El año de la misericordia que estamos viviendo nos invita a rechazar todo afán negativo ante el pecador; todo lo contrario, a acogerle siempre, pues como enseña en Catecismo de la Iglesia Católica “el sacerdote es el signo y el instrumento del amor misericordioso de Dios con el pecador” (n. 1465). Ni siquiera con aquellos que parecen rechazar al Señor y llevan a cabo acciones nefandas y, con frecuencia, blasfemas nos vamos a mostrar iracundos. Eso sí, denunciaremos esos actos como contrarios a la libertad, a la vez que haremos actos de desagravios porque sabemos que el mal se vence con abundancia de bien.

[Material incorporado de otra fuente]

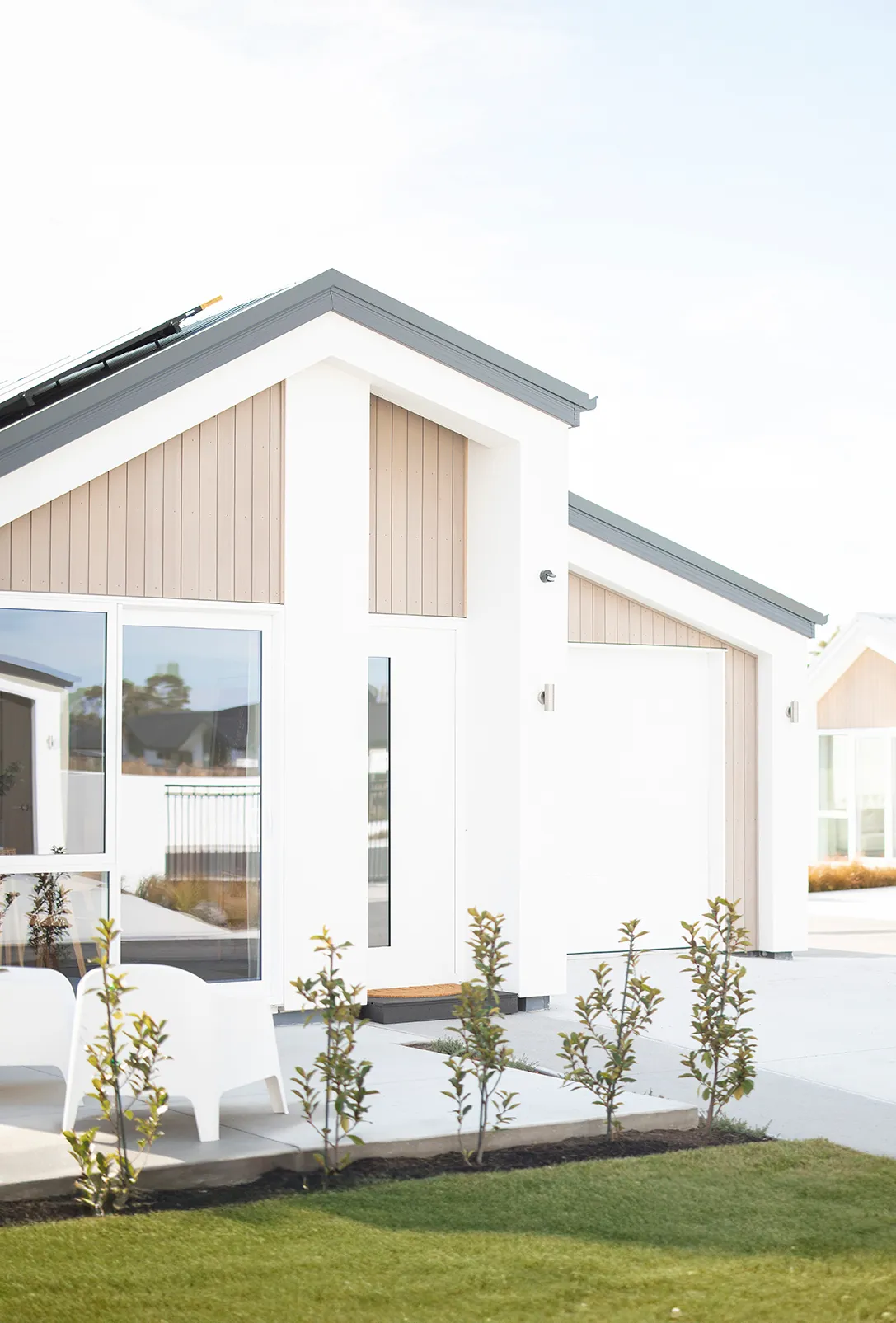 The mainland west villa with nice landscaping at harlow rangiora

Hay todavía en el texto evangélico otros tres protagonistas. El primero quiere seguir a Jesús obviando las exigencias, y recibe una respuesta clara “el Hijo del Hombre no tiene donde reclinar la cabeza” (Lc 9,58). Nuestro Señor no ofrece seguridad o bienestar; nosotros no vamos a seguirle para ganar dinero ni para conseguir poder. Ser sacerdote es toda una aventura que nos aleja de toda comodidad, de todo aburguesamiento; estaremos “como de camino”, desprendidos de todo apego humano. El desprendimiento ha de ser radical: no tener nada como propio, no buscar prebendas ni honores. “Es preciso dejar un amado por otro, porque Jesús exige ser amado Él solo sobre todas las cosas. El amor de las criaturas es falaz e inestable; el amor de Jesús, en cambio, es fiel y permanente. El que se adhiere a una criatura caerá con ella, pues es caediza; el que se abraza a Jesús perseverará firme hasta el fin” (Tomás H. de Kempis, Imitación de Cristo, Libro II, cap. 7 nº 2-3).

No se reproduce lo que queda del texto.